── PROVIDED INFORMATION

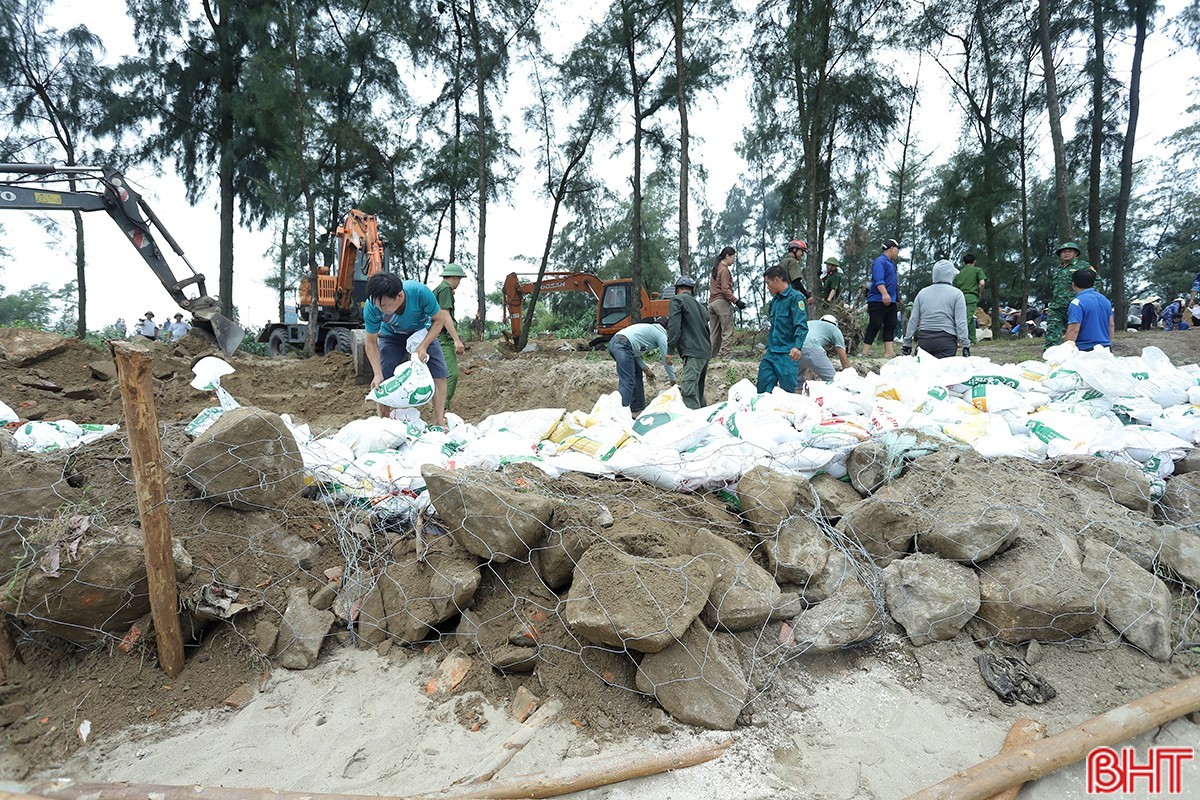 Hà Tĩnh lập Sở chỉ huy ứng phó với bão số 5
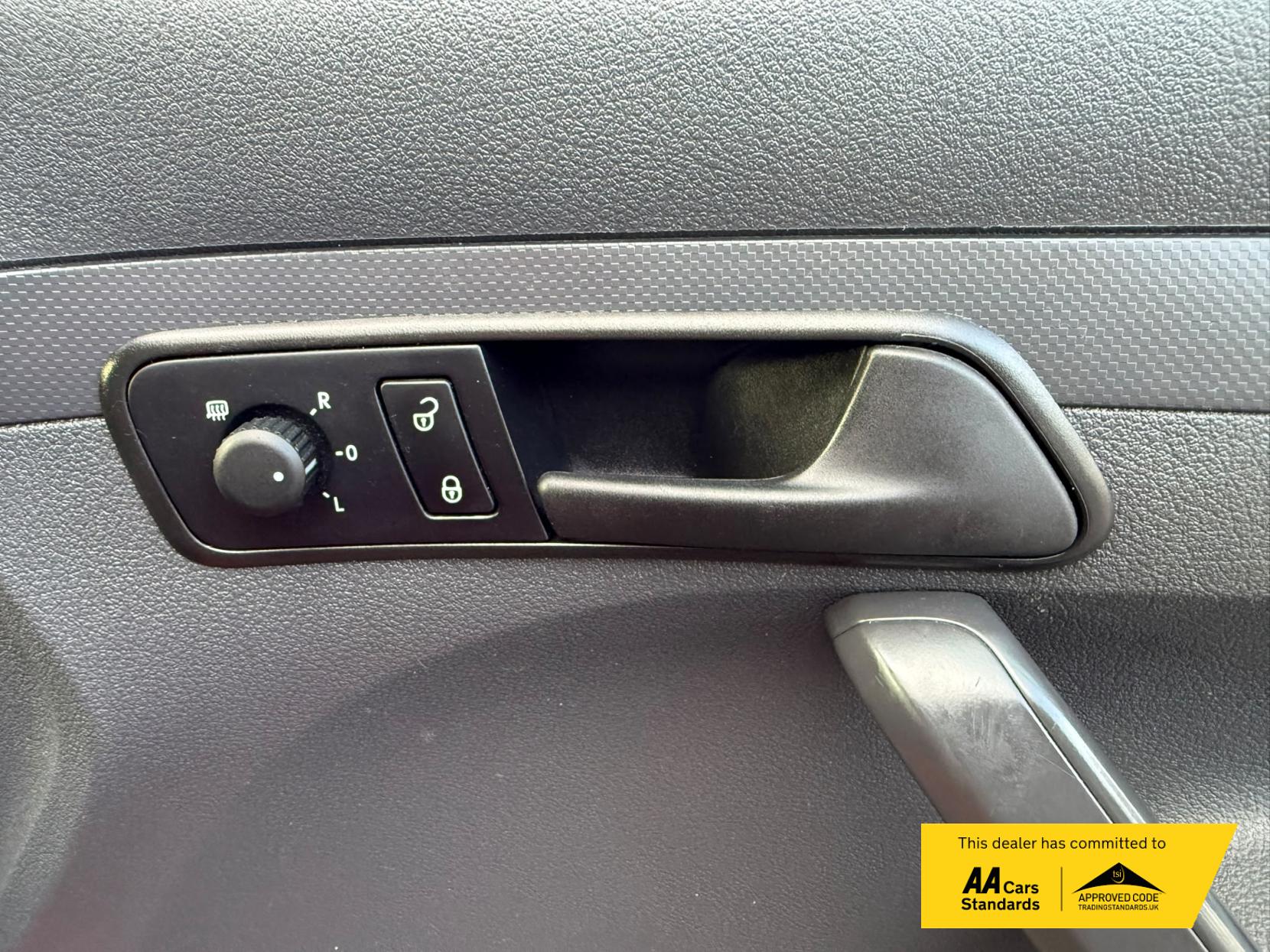 2014 Volkswagen Caddy 1.6 TDI C20 Highline Panel Van 4dr Diesel Manual L1 H1 (149 g/km, 101 bhp) - Thumbnail 49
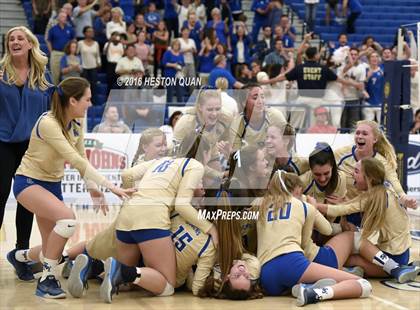 Thumbnail 2 in Santa Margarita vs. Mater Dei (CIF SS D1 Final) photogallery.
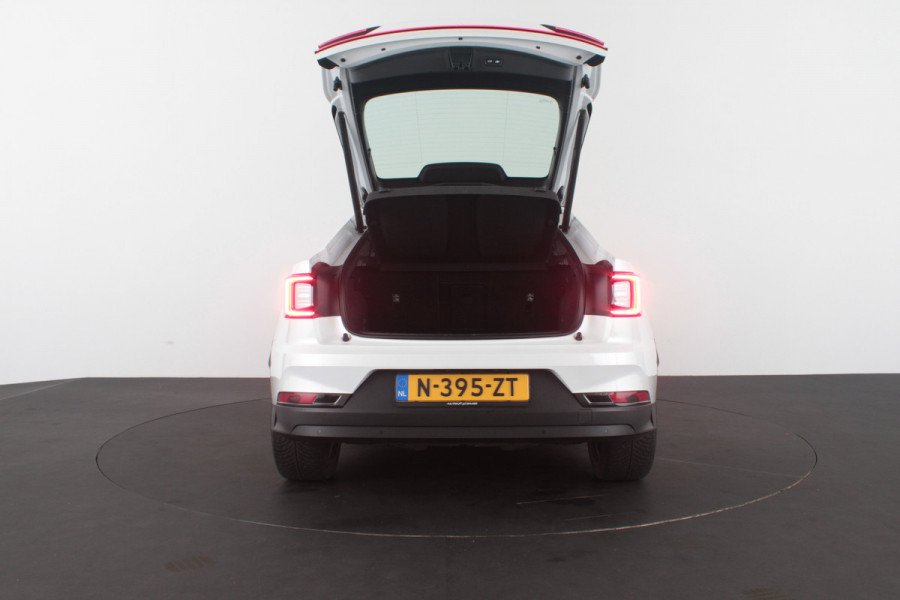 Polestar 2 Standard Range Single Motor 63kWh > Trekhaak/Memory/20inch/Snow Metallic...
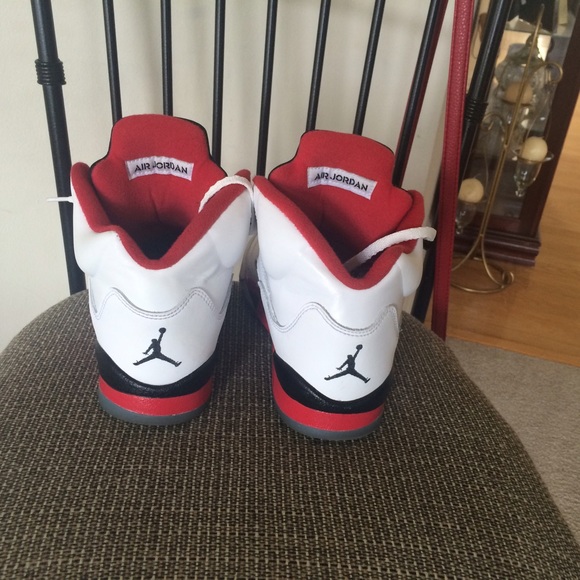 Jordan 5 Fire Reds - Picture 4 of 4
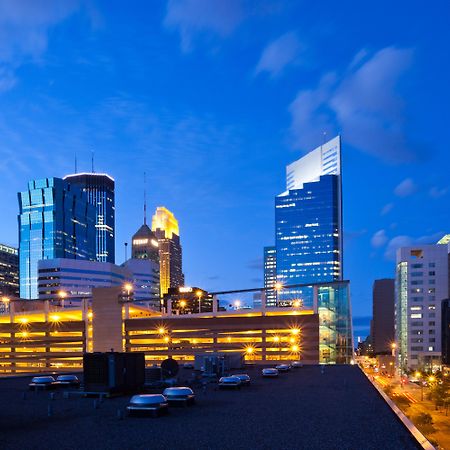 Holiday Inn Express Hotel & Suites Minneapolis-Downtown Convention Center By Ihg Exterior foto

────

> PROBLEM DETAILS:
Output all of the entries verbatim, leaving out any images.

> ANSWER TO THIS TASK:
 Hà Tĩnh lập Sở chỉ huy ứng phó với bão số 5
 2014 Volkswagen Caddy 1.6 TDI C20 Highline Panel Van 4dr Diesel Manual L1 H1 (149 g/km, 101 bhp) - Thumbnail 49
 Thumbnail 2 in Santa Margarita vs. Mater Dei (CIF SS D1 Final) photogallery.
 Polestar 2 Standard Range Single Motor 63kWh > Trekhaak/Memory/20inch/Snow Metallic...
 Jordan 5 Fire Reds - Picture 4 of 4
 Holiday Inn Express Hotel & Suites Minneapolis-Downtown Convention Center By Ihg Exterior foto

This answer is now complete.